> [Data for this task]
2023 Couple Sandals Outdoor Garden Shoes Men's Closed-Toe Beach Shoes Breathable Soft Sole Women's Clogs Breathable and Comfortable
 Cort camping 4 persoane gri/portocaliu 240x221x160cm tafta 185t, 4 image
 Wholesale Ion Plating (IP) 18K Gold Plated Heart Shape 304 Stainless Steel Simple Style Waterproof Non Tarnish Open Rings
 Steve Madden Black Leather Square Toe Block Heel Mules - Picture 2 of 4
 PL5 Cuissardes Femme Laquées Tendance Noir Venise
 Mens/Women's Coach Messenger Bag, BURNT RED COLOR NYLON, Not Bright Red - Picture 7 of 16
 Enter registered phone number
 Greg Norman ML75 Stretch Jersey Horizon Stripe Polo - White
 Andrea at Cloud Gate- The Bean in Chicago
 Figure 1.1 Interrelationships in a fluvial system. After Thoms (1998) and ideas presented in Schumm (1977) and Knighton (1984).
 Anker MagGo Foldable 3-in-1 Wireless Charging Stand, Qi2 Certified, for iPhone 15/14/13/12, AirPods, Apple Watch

> [What you are asked to do] From the listing above, return every line that carries the string "Picture".

> [Output of the exercise]
 Steve Madden Black Leather Square Toe Block Heel Mules - Picture 2 of 4
 Mens/Women's Coach Messenger Bag, BURNT RED COLOR NYLON, Not Bright Red - Picture 7 of 16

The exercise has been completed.